#### DATA IN THIS EXERCISE:
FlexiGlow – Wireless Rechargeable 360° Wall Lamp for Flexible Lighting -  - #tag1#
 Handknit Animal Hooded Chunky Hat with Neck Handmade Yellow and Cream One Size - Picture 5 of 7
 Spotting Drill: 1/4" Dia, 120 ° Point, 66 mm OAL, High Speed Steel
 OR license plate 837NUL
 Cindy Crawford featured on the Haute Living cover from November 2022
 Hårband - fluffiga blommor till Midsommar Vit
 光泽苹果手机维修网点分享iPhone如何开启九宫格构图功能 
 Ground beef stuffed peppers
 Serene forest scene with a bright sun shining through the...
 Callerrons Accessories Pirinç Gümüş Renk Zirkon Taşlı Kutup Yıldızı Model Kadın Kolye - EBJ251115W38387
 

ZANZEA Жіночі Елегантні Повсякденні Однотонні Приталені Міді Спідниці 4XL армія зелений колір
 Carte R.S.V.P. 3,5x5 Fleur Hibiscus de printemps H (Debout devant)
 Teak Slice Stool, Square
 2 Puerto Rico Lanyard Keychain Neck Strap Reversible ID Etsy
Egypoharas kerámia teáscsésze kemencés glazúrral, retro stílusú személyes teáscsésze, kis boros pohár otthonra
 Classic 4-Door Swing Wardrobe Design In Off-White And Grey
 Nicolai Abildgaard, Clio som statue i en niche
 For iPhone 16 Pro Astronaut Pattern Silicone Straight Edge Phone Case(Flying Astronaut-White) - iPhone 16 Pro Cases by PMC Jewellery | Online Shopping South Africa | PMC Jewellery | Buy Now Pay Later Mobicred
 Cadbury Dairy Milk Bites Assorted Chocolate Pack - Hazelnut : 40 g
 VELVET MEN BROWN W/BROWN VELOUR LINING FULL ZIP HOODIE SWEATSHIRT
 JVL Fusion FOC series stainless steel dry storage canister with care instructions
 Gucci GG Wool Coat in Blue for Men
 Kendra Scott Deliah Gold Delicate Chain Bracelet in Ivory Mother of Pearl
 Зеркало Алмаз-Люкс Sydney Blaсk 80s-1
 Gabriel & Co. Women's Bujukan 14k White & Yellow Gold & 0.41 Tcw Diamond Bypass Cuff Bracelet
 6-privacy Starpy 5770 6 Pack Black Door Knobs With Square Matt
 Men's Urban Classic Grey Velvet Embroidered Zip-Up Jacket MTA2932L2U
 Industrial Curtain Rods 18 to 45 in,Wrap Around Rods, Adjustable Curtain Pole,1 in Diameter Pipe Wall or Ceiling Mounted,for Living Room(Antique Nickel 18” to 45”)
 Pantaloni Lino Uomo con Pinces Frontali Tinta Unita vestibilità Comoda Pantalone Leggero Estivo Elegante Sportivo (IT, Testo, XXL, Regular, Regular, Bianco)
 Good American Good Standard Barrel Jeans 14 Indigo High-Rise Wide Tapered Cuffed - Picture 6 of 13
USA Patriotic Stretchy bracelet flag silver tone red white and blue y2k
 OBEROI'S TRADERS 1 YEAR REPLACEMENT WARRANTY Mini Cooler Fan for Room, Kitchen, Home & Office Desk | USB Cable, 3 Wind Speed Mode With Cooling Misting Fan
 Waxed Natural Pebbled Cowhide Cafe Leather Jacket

#### INSTRUCTIONS FOR THE TASK:
Repeat, word for word, the lines above between the line holding "Carte R.S.V.P. 3,5x5" and the line holding "Nicolai Abildgaard, Clio", inclusive; omit everything else.

#### FINAL ANSWER:
 Carte R.S.V.P. 3,5x5 Fleur Hibiscus de printemps H (Debout devant)
 Teak Slice Stool, Square
 2 Puerto Rico Lanyard Keychain Neck Strap Reversible ID Etsy
Egypoharas kerámia teáscsésze kemencés glazúrral, retro stílusú személyes teáscsésze, kis boros pohár otthonra
 Classic 4-Door Swing Wardrobe Design In Off-White And Grey
 Nicolai Abildgaard, Clio som statue i en niche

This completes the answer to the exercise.